# My streaming services- Adding showtime anytime ?



## I_am_not_randy (Oct 30, 2010)

My main purpose for buying the stream was to aggregate all the shows I watch into one place ... I cant add "the chi", which i watch on showtime anytime to my shows.

I notice that under settings, my streaming services, there doesn't appear a way for me to select showtime anytime from a list, nor is there a way to add this service.

Is the list of available services fixed ? If so is it added to by Tivo with updates ? Or am I just missing something here ?


----------



## I_am_not_randy (Oct 30, 2010)

bump


----------



## I_am_not_randy (Oct 30, 2010)

Again, answering my own post in case anyone else needs the information..... install reelgood, itdoes a much better job of tracking shows.

Ways other than TIVo app on TIVO 4K Stream to aggreagate my shows ?
Ways other than TIVo app on TIVO 4K Stream to aggreagate my shows ?


----------



## KZEMALIS2 (May 8, 2020)

I_am_not_randy said:


> My main purpose for buying the stream was to aggregate all the shows I watch into one place ... I cant add "the chi", which i watch on showtime anytime to my shows.
> 
> I notice that under settings, my streaming services, there doesn't appear a way for me to select showtime anytime from a list, nor is there a way to add this service.
> 
> Is the list of available services fixed ? If so is it added to by Tivo with updates ? Or am I just missing something here ?

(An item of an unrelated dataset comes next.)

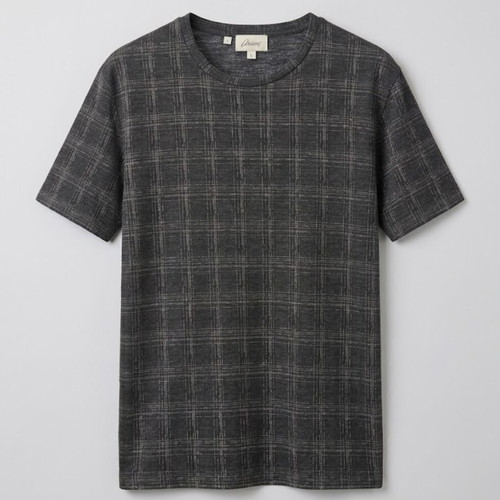 Brioni men's T-shirt, black and grey, cotton and silk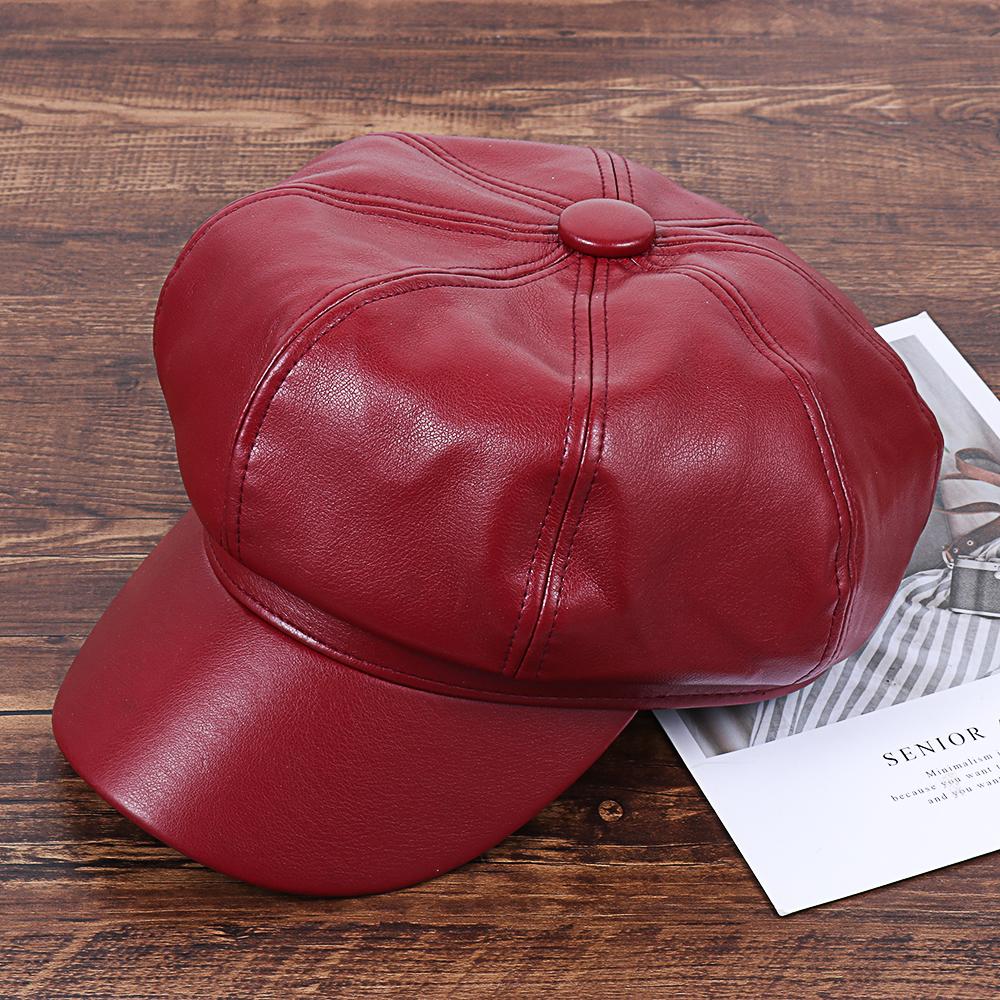Autumn Winter Octagonal New Fashion PU Leather Peaked Cap Newsboy Cap Newsboy Hat Beret Hat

This is one of the same issues I am having. What I have done and it seems to be working now is that instead of adding Showtime Shows on the Tivo App I am adding Showtime Shows to "Play Next" and that seems to be working. I have tried since I have gotten the device to get an answer on these exact issues and I have never gotten an answer. I am even on the Beta Test team and have asked these type of questions directly to Tivo Beta Support without any luck. This is the one main feature I also got the device for. I have seen progress it used to be worse but no admission of the problem and no direction on it getting fixed. I also agree RealGood is a much better app for this but you shouldn't need it.


----------